Task description
Give the data again exactly, stopping after the "Mercedes-Benz GLK - 24" line.

(Scraped caption text data)
============================================================

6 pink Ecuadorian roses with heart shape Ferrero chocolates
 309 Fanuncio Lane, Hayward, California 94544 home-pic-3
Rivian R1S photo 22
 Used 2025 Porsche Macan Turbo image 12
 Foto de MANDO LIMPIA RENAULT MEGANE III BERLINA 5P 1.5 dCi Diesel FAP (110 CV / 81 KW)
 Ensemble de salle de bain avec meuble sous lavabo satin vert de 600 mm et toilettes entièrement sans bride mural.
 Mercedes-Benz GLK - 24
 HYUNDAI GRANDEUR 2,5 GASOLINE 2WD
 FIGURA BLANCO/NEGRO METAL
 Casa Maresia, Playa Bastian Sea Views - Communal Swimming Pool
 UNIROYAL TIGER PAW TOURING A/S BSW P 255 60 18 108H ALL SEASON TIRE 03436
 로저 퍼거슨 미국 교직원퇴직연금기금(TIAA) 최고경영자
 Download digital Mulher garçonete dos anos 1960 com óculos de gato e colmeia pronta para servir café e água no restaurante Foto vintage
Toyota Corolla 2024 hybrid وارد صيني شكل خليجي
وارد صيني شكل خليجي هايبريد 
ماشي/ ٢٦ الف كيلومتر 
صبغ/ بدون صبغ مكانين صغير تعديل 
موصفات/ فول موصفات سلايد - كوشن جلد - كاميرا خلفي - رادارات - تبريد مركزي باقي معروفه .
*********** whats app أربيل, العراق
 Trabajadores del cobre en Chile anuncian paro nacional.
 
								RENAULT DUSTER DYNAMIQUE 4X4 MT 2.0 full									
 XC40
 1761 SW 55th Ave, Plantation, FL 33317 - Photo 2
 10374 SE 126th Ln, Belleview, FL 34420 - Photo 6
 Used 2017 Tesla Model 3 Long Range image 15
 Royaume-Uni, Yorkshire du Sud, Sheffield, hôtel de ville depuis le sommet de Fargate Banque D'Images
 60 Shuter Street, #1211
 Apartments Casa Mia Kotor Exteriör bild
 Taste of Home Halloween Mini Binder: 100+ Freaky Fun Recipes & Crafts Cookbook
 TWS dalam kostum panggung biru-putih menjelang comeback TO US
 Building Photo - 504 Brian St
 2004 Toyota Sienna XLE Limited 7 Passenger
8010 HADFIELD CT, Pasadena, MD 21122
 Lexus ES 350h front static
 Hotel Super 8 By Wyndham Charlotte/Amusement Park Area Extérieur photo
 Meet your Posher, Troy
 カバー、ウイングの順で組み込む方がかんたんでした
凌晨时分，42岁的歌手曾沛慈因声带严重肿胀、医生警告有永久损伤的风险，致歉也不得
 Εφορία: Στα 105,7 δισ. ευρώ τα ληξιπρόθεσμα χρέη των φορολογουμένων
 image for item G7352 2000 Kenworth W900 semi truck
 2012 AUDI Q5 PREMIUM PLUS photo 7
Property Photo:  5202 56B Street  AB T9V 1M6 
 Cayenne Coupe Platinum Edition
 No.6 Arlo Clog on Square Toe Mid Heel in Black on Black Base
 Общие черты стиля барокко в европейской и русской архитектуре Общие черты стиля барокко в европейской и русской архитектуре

============================================================

Your response
6 pink Ecuadorian roses with heart shape Ferrero chocolates
 309 Fanuncio Lane, Hayward, California 94544 home-pic-3
Rivian R1S photo 22
 Used 2025 Porsche Macan Turbo image 12
 Foto de MANDO LIMPIA RENAULT MEGANE III BERLINA 5P 1.5 dCi Diesel FAP (110 CV / 81 KW)
 Ensemble de salle de bain avec meuble sous lavabo satin vert de 600 mm et toilettes entièrement sans bride mural.
 Mercedes-Benz GLK - 24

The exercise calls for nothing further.